::: Record extracts :::

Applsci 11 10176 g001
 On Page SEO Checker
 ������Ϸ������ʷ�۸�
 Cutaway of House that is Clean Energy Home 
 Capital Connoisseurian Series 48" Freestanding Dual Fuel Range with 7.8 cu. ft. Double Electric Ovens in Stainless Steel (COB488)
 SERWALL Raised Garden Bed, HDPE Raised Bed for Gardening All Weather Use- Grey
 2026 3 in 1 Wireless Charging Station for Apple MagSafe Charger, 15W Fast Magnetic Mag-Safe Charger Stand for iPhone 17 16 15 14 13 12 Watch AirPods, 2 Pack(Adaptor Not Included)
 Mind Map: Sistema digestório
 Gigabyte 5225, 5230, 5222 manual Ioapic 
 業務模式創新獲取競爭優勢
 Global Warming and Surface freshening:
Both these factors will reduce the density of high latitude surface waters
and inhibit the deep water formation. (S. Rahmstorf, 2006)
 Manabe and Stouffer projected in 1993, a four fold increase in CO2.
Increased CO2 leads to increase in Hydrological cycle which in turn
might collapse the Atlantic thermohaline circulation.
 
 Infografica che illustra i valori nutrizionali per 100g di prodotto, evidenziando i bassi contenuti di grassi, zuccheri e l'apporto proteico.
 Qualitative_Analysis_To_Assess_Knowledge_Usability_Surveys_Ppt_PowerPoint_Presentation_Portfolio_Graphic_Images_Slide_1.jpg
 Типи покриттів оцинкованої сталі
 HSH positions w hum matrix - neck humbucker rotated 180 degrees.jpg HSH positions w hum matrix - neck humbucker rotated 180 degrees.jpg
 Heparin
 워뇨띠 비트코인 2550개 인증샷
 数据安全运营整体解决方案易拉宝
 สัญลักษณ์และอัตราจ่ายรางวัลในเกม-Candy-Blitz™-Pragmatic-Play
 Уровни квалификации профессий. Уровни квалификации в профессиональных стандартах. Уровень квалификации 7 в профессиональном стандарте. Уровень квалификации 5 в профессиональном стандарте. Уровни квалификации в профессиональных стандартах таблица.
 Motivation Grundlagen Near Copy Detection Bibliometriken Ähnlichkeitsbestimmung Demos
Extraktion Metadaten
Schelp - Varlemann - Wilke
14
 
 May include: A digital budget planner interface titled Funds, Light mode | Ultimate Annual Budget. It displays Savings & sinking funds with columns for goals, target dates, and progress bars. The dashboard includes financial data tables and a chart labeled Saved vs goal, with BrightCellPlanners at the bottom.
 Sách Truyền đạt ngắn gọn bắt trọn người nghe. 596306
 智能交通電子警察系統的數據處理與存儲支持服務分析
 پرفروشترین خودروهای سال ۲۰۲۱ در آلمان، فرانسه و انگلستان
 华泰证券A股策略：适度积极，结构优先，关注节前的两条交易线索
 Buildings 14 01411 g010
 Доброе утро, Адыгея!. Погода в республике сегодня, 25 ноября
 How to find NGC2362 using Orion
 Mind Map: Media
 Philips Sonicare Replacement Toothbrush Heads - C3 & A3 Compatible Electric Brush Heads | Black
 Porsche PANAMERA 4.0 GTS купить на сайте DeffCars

:::

◆ **Problem to solve**:
Nothing but an exact copy of the lines from the start of the entries through the line containing "SERWALL Raised Garden" belongs in the response.

◆ **Reply to the task**:
Applsci 11 10176 g001
 On Page SEO Checker
 ������Ϸ������ʷ�۸�
 Cutaway of House that is Clean Energy Home 
 Capital Connoisseurian Series 48" Freestanding Dual Fuel Range with 7.8 cu. ft. Double Electric Ovens in Stainless Steel (COB488)
 SERWALL Raised Garden Bed, HDPE Raised Bed for Gardening All Weather Use- Grey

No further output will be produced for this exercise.